[Opening Data shown section]

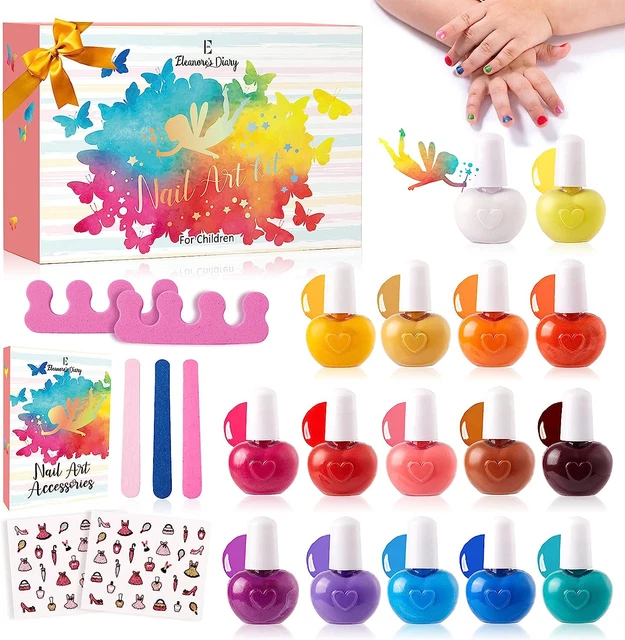 Juego de esmalte de uñas para niños para niñas, Eleanore's Diary 16X 5ml no tóxico seguro para pelar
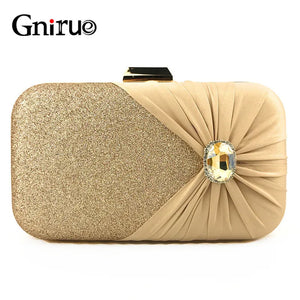 Golden Evening Clutch Bag Wallet Classic Wedding Handbag Bridal Chain Purse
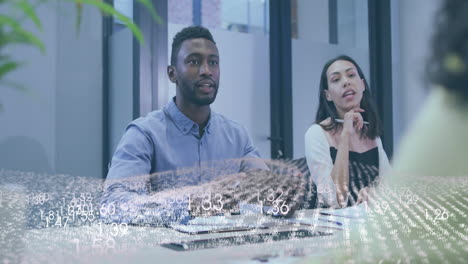 diverse colleagues discussing at office with digital data overlay animation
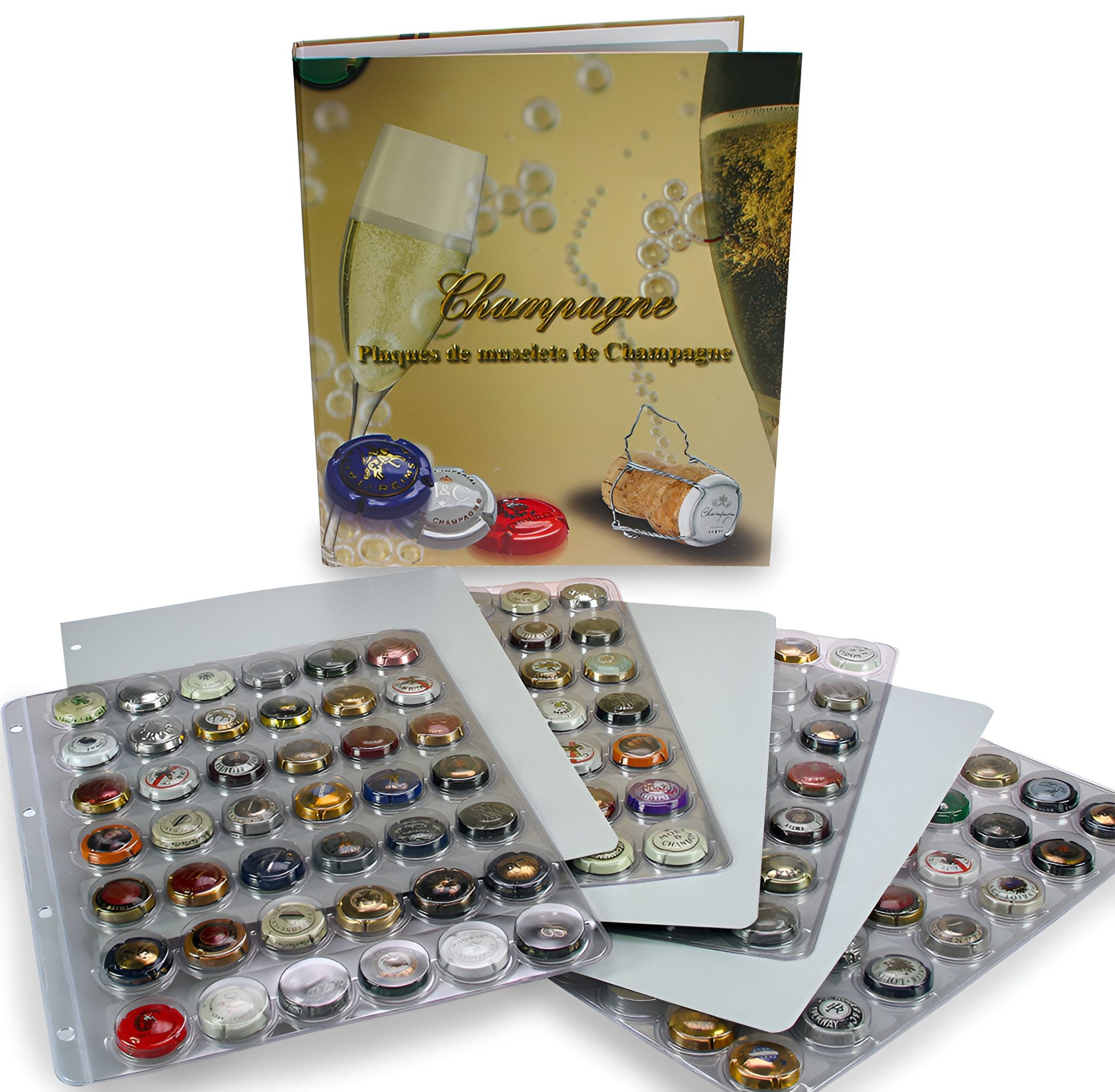 Safe-Album Präsentationsordner SAFE Champagner-Deckel-Album für 84 Champagnerkapseln erweiterbar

[Closing Data shown section]

• Task directions:
Copy nothing but the lines from the one containing "Golden Evening Clutch" through the last line of the listing above, transcribed exactly and with no pictures.

• Answer to this exercise:
 Golden Evening Clutch Bag Wallet Classic Wedding Handbag Bridal Chain Purse
 diverse colleagues discussing at office with digital data overlay animation
 Safe-Album Präsentationsordner SAFE Champagner-Deckel-Album für 84 Champagnerkapseln erweiterbar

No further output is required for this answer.